Sunday, December 27, 2009

The Teacher

I decided that in this age of technology I would stay away from it as much as possible on Christmas. So I took a 2 day vacation. Today I found my computer still working and my phone still functioning. But now I am ready to resume my inquiry into the workings of the world and my place in it. I am back to visit with you.

The presents filled the room, candles burned, the fireplace warmed and carol accompanied the time of family. Sydney and Gabby played their Christmas songs on the piano before one ribbon was tossed aside. It was their decision. An amazing decision considering the presents behind them calling out their names.

One by one the presents were opened, thank yous and discussion followed.
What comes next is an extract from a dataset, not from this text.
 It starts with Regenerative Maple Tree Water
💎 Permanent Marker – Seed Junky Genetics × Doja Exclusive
A slow process but one held over from my childhood. We are a family who celebrates each and every moment of gift giving cheering the thought that went into each gift. Children’s painted pictures become highly praised pieces of art. A package of homemade buckeye candy fattens up a grandma, birds get a new home and a frame flashes pictures of my cherished family. The gifts are well thought in trying to find that one that will make the recipient smile.

I gave ukuleles to my granddaughters. No one needs to plug them in or have special equipment to run them. They will take some learning, some laughter and maybe in the end some music. I got one for myself as well, so we can learn together. Their friend, Heather, got a guitar. I’m thinking maybe we can form a band. Watching the girls on the piano and the pride they felt in themselves for their accomplishments was perhaps my best Christmas present. Now we tackle something entirely different. However, no different than the paint and brushes, no different than the big piece of furniture with the smiling keys, no different than a pencils and a blank piece of paper, we shall find a new way to be successful, to accomplish something from nothing on these ukes.
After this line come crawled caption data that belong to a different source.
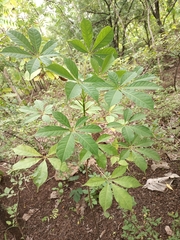 Magnoliopsida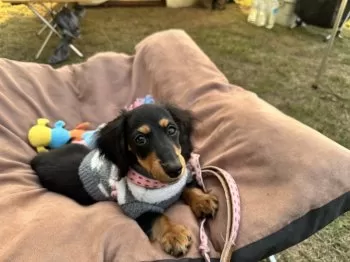 K.K 様のお迎えした子犬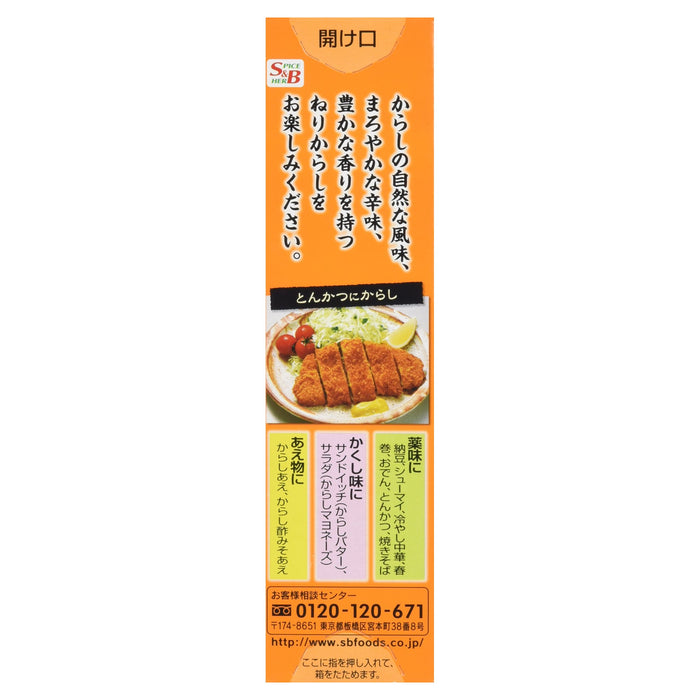 S&B Neri Mustard 43G Japanese Spices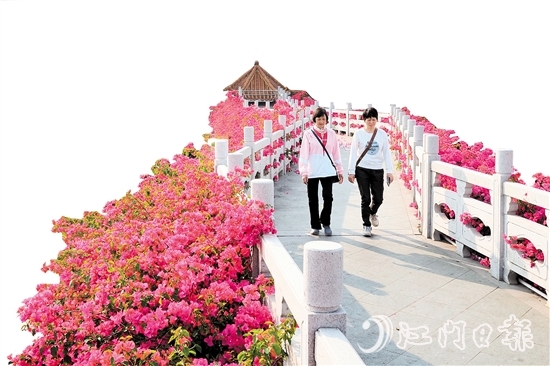 走進沙坪街道北湖公園，在九曲橋兩側(cè)，怒放的三角梅形成一條“水上花廊”。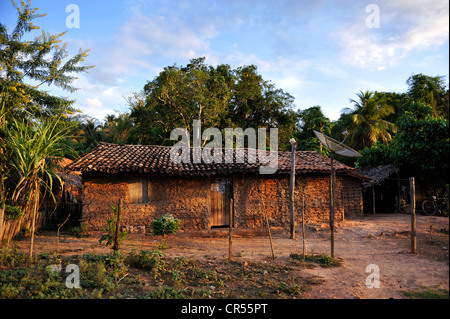 Traditionelles Haus aus Schlamm, Amazonas Regenwald, Maranhao, Brasilien, Südamerika, Lateinamerika Stockfoto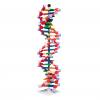 DNA-Doppelhelix-Modell, miniDNA®-Bausatz
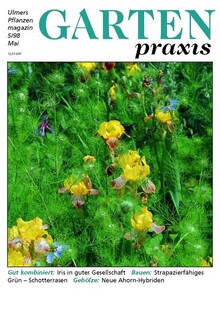 Cover Gartenpraxis 05/1998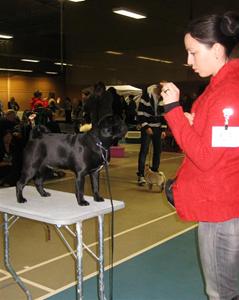 IMG_1067 IMG_1067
A baby in a manger taught us much. Maybe I am not the teacher. Perhaps these children are teaching me to pick up the pencil and learn to draw. Perhaps they are telling me that my aching hands can play the strings of a ukulele. Perhaps they are teaching me to listen and change my ways, to grow into something better, to see the world from other perspectives. Perhaps, just perhaps, our little ones are truly the innocent wisdom that beacons new awareness, an awareness we have been too busy to acknowledge.

I wish I could start all over again. I wish I could hold my babies and ask, “What can you teach me today?” I wish I had been less into myself and more into them. I wish I had thrown away all preconceived notions on parenting and started my own chapter. Perhaps that is why we become ‘grand’parents, because in the grander scheme of things, we finally find our place.

I leave Christmas of 2009 behind taking the memories with me into another year of learning. I encourage you the same. For the richness or life lives not in what we possess, in what we know, but in the mere essence of what we receive in the most unexpected ways.

1 comment:

  1. I stayed away from technology for a few days, too, and it wasn't even hard! Posted a short Merry Christmas blog and then didn't even check email for a couple of days. Last night I wrote a piece about the post-holiday blues. They are often a problem for me, so I wrote some advice for myself. Maybe others will benefit from it as well!